Information shown:
━━━━━━━━━━━━━━━━━━━━

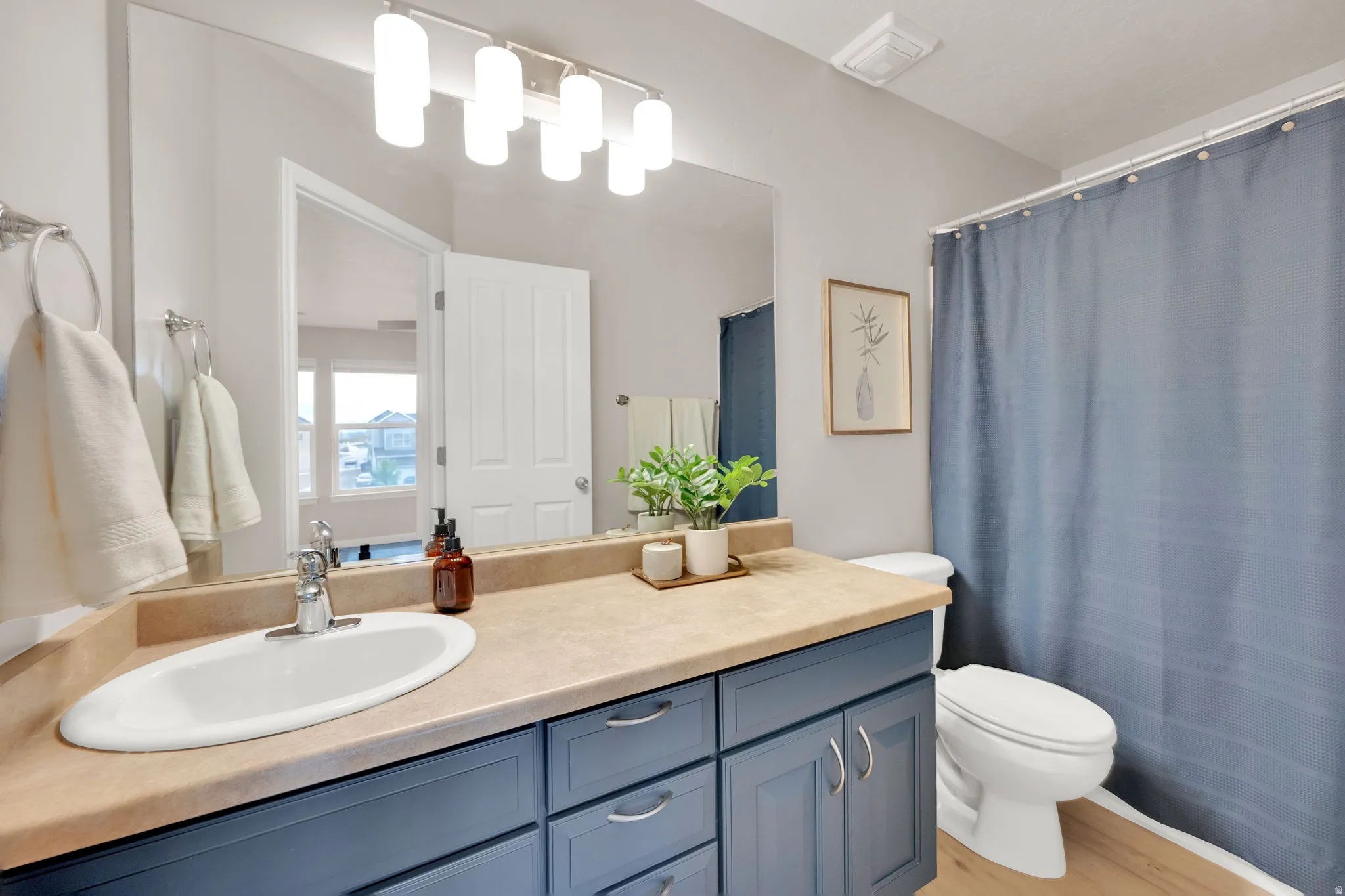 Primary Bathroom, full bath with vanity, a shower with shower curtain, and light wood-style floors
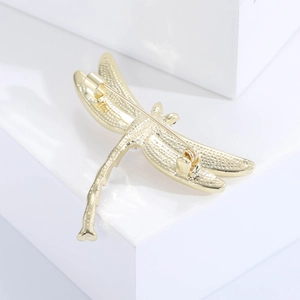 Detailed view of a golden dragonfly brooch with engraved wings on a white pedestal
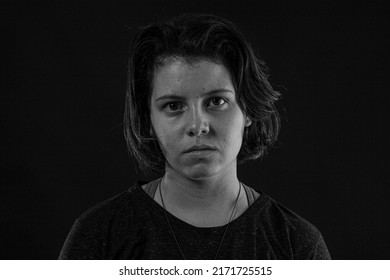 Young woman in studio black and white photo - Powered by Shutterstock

━━━━━━━━━━━━━━━━━━━━

Problem: Exactly the lines running from the one with "Detailed view of" through the end of the listing above must be output, both ends included. No pictures belong in the output.

Result of the exercise:
 Detailed view of a golden dragonfly brooch with engraved wings on a white pedestal
 Young woman in studio black and white photo - Powered by Shutterstock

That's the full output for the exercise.